View as /reference.md

One OpenAI-compatible base URL. Every modality, every primitive, one API key. The main endpoints are drop-in with the OpenAI SDK; the aggregator primitives ( sub-accounts, replay, evals, cost tags ) live under /v1/ too.

BASEhttps://api.aigateway.sh/v1

SDK alternative

Most endpoints documented below are also wrapped in our typed SDKs. Useful when you want async-job helpers, sub-account convenience methods, or webhook signature verification without writing the boilerplate yourself.
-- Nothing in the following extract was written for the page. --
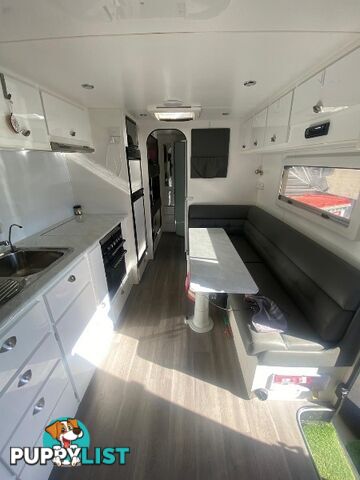 2020 Condor 23ft Ultimate Family Caravan – 2/3 Bunks, Ready for Your Next Adventure!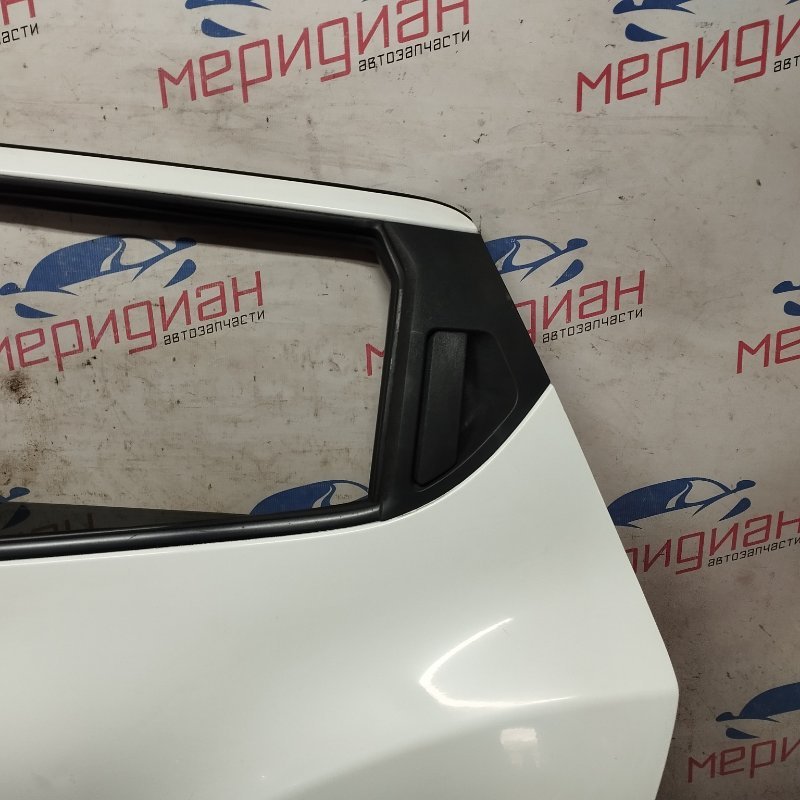 Дверь задняя левая NISSAN JUKE F15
pip install aigateway-py · pnpm add aigateway-js · npm i -g aigateway-cli

Python · Node · CLI · MCP server

Authentication

All requests use a Bearer token. Create keys in the dashboard.

bash

curl https://api.aigateway.sh/v1/models \
  -H "Authorization: Bearer sk-aig-..."

Errors

Errors follow the OpenAI shape.

json

{
  "error": {
    "message": "Monthly spend cap of $500.00 reached (spent $503.12)",
    "type": "budget_exceeded",
    "code": 402
  }
}

Code	Type	When
400	invalid_request_error	Malformed body / missing field
401	authentication_error	Missing or invalid API key
402	budget_exceeded	Sub-account spend cap hit
404	model_not_found	Unknown model ID
429	rate_limit_error	RPM limit hit; honor `Retry-After`
502	provider_error	Upstream model returned a 5xx
504	timeout_error	Upstream model timed out

Request headers

Header	Purpose
`Authorization: Bearer sk-aig-...`	Required on every request
`X-Request-Id`	Optional idempotency-friendly correlation id; echoed back in the response
`x-aig-tag: <string>`	Attribute this request to a tag (feature / tenant / user). Shows up in usage analytics and powers per-tag budgets.
`x-cache: auto \| force \| skip`	Cache behavior override
`x-routing: cost \| speed \| quality \| auto`	Bias auto-routing when `model` is omitted

Chat completions

POST/v1/chat/completions

OpenAI-compatible. Use any model from the catalog.

python

# pip install aigateway-py openai
# aigateway-py: sub-accounts, evals, replays, jobs, webhook verify.
# openai SDK: chat/embeddings/images/audio — drop-in compat per our SDK's own guidance.
from openai import OpenAI
client = OpenAI(base_url="https://api.aigateway.sh/v1", api_key="sk-aig-...")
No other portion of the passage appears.